Material provided =>
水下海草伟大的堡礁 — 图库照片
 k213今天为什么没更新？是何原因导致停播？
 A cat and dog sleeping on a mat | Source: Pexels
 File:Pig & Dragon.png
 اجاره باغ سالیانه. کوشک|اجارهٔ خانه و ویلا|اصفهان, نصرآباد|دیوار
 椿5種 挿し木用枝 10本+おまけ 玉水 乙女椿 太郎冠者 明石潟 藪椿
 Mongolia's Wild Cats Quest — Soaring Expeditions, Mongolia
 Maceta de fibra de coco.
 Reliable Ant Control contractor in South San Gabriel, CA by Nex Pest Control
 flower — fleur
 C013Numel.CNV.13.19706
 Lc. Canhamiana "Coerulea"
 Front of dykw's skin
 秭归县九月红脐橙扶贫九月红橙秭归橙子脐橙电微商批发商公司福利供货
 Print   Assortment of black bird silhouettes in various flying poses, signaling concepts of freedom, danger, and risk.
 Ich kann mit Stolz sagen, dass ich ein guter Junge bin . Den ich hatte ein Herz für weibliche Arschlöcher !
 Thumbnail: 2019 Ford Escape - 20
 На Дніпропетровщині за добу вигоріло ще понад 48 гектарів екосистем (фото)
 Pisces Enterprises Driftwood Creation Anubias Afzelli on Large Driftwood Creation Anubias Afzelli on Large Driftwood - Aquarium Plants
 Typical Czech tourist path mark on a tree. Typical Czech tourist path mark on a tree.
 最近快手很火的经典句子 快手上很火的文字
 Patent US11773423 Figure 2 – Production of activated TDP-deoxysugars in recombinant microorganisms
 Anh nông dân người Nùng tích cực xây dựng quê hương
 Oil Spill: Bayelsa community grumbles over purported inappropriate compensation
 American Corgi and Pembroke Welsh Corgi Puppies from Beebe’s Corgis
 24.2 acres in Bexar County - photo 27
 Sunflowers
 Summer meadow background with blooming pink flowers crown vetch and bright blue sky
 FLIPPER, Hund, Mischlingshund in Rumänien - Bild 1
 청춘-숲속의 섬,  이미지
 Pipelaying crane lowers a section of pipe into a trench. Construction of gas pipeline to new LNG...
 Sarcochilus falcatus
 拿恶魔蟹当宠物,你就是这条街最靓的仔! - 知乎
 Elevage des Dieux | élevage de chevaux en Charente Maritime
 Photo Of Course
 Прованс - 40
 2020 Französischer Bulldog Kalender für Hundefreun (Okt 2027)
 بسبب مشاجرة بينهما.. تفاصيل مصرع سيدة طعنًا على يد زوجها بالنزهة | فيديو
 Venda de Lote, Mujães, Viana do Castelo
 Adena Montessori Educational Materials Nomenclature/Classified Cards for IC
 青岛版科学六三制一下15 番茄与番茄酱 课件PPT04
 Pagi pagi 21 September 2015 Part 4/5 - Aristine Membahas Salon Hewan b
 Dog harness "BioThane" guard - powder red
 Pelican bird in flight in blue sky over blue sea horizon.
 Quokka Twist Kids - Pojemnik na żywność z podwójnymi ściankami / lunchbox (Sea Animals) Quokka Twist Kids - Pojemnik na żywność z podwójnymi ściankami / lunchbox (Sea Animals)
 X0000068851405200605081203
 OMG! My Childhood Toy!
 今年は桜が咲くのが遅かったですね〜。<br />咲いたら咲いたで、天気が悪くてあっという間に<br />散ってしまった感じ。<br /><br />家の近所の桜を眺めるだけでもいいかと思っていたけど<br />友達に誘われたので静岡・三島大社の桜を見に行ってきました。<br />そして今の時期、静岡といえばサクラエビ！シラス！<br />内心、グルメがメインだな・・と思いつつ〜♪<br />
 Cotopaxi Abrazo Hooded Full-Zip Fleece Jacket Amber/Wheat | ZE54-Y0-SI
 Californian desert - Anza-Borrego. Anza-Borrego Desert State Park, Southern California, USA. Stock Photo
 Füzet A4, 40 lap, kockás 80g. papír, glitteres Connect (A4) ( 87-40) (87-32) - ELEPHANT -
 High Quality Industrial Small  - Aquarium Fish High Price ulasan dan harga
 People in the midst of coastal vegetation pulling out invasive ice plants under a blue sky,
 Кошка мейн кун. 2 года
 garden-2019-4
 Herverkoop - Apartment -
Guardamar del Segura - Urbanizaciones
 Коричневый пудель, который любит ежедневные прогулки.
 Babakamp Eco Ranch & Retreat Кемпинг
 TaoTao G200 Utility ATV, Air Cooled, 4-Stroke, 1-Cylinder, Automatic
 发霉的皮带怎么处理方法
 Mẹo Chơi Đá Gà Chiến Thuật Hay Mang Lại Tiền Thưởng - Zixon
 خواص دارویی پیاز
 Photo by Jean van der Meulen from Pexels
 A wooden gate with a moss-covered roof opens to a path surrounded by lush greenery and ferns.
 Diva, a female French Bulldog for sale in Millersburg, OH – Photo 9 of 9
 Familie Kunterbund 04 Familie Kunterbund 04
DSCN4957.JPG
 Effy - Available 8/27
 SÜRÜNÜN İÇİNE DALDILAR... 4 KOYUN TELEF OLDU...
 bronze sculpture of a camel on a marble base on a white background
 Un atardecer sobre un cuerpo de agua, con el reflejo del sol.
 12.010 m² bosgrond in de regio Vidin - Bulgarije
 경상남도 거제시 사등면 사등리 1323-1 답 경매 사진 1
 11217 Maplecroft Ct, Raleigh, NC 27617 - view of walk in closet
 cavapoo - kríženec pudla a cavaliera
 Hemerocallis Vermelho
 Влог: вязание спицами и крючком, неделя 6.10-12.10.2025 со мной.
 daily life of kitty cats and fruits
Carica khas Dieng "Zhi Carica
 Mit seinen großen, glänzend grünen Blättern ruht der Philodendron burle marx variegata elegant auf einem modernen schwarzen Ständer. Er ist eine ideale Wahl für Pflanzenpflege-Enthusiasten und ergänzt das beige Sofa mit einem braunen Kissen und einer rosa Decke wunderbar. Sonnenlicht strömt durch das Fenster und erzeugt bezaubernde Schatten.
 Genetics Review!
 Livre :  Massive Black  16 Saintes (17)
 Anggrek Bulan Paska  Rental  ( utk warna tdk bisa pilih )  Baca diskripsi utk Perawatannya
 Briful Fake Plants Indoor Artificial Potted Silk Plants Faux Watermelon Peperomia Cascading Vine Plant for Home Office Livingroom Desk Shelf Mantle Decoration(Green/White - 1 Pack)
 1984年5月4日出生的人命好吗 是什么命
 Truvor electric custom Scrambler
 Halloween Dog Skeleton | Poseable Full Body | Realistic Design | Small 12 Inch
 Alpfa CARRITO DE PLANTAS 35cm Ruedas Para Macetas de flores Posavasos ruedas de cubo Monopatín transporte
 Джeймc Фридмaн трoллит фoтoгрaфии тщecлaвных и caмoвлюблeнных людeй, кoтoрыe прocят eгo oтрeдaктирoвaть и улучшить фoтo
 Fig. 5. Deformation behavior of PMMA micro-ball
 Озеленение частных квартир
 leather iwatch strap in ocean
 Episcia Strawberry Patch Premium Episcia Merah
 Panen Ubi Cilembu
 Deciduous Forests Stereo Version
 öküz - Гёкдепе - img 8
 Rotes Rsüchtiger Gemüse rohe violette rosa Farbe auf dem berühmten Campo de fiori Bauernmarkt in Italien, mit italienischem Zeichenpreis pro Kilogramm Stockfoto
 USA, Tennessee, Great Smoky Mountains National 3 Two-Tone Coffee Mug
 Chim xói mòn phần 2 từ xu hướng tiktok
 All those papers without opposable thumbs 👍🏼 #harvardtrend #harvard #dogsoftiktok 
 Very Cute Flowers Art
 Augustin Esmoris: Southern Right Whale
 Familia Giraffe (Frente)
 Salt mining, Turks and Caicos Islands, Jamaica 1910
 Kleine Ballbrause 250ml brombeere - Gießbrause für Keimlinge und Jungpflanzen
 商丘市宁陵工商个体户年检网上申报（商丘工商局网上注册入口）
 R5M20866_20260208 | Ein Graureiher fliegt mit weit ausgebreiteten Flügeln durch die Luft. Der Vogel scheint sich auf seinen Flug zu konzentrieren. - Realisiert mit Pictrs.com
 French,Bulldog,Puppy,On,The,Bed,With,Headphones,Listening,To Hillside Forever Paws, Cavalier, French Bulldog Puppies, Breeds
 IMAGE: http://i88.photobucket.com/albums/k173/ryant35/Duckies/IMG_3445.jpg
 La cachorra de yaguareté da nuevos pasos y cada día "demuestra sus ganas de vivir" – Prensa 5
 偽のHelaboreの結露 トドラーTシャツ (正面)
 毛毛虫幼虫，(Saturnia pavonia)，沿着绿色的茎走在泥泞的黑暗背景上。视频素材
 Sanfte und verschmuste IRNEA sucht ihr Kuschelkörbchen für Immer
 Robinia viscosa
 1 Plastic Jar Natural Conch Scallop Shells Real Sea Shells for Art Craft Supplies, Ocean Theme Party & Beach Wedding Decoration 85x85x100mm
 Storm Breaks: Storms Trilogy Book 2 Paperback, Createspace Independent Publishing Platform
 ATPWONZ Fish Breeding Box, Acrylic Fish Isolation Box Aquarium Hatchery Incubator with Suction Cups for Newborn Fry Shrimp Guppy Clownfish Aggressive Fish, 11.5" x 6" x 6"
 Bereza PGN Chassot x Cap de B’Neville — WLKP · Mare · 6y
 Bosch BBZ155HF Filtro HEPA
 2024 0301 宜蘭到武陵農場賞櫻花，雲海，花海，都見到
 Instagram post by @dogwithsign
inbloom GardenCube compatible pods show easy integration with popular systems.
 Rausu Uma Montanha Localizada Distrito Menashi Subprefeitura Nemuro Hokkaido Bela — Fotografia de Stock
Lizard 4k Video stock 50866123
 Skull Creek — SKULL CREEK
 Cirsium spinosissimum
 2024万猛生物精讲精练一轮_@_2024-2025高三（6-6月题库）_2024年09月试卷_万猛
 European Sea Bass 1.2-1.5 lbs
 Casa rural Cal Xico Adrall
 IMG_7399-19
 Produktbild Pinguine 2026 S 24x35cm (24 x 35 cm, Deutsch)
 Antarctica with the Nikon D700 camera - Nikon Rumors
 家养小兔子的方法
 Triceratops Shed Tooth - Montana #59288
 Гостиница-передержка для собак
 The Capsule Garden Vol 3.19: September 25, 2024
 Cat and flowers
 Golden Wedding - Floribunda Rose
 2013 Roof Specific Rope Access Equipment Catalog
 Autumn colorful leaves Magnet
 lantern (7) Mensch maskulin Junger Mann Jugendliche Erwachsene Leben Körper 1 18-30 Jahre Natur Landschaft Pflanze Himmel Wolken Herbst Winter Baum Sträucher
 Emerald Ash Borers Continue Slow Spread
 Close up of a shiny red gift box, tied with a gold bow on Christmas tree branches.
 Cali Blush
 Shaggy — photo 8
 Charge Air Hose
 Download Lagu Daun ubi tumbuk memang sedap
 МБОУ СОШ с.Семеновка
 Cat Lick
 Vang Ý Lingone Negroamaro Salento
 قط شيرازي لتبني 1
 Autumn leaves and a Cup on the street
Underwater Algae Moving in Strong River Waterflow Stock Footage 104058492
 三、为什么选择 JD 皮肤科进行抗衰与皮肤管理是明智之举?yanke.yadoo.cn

Exercise aim =>
How many of the lines above contain "seinen"? Give the number by itself.

Written solution =>
2